[SciPy-user] Article(s) on Test Driven Development for Science

josef.pktd at gmail.com josef.pktd at gmail.com
Thu Mar 12 13:02:16 EDT 2009


On Thu, Mar 12, 2009 at 9:13 AM, Timmie <timmichelsen at gmx-topmail.de> wrote:
> Hello,
> from many blogs, in the book "Expert Python Programming" and in the code I read
> about test driven development.
> It's said to help preventing future breakage or failures of the code.
>
> Is see on major diffuculty when adopting this for science scripts:
>
> In Science we not only have to control the program flow but also to validate the
> output.
> I think such a validation needs to be included in tests.
>
> I may change something in my code and still pass tests from the software side
> but the result data may be totally wrong.
>
> Are there already concepts for such testing?
>
> The tests I have seen so far play mostely with generated random data.
>
> Are there presentations or articles about this?
>
> Regards,
> Timmie
>

I don't think validating the results needs much of a special
discussion besides the regular testing tools, and it would be very
field specific.

For example in stats, and similar in my other work, I use four types
of (unit) tests:

* validating special cases, where I know what the right results are
supposed to be.

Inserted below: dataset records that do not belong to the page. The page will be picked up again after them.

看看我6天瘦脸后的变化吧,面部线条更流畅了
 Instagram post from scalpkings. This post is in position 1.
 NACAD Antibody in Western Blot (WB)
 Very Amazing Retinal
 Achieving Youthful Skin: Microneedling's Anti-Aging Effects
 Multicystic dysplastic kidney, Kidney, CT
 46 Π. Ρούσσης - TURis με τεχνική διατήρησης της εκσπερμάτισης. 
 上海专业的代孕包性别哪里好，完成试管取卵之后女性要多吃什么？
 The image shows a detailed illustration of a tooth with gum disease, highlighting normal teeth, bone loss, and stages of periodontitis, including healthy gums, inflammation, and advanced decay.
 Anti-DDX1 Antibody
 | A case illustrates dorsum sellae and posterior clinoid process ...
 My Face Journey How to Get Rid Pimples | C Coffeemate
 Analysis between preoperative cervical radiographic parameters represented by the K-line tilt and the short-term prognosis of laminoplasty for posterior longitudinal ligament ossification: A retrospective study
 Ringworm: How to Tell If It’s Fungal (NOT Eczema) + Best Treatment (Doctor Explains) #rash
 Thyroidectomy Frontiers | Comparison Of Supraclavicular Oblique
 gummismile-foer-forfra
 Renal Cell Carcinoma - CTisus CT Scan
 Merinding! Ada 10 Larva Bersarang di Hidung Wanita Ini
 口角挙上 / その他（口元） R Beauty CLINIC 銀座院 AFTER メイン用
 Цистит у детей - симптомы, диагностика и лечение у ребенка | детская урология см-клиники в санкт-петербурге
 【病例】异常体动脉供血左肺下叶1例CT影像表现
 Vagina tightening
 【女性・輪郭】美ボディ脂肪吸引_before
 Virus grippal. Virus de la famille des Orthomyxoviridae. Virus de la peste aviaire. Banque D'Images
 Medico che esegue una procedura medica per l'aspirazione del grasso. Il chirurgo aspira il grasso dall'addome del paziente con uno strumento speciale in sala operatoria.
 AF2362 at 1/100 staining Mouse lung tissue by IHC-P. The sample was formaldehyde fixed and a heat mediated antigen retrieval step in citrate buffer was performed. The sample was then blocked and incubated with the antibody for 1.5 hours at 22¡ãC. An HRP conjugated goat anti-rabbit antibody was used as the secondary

This is usually my first step to get the basic
mistakes fixed.
* comparison with other implementation: often I have several
implementation available to calculate the same results, e.g. in
stats.distributions, numerical integration versus explicit formula, or
unoptimized version of a function with loops and simple structure,
second version with optimized matrix algebra.
* comparison with validated numbers: e.g. comparing with results from
R, from publications or certified examples as the ones from NIST,
* using theoretical properties: the random tests in stats are based on
the statistical properties of the statistic, distribution or
estimator, either from the definition or, for example, from the law of
large numbers. If I can simulate a large enough sample or run a Monte
Carlo with enough replications, I can test that the computed results
correspond to the theoretical results.

To simplify the actual tests, I also use regression tests after
verifying the results, but regression tests don't validate the results
if they were wrong in the first place.

For big models, I have often found nothing better than visual
inspection and relying on intuition whether it looks correct. I try to
verify the individual pieces with unit tests, but whether everything
works correctly together, I don't have formally tested.

So my impression is that, validating the results in tests should just
be part of the regular testing strategy, which should not be
restricted to tests that verify whether the function runs and the
result has the correct shape and type.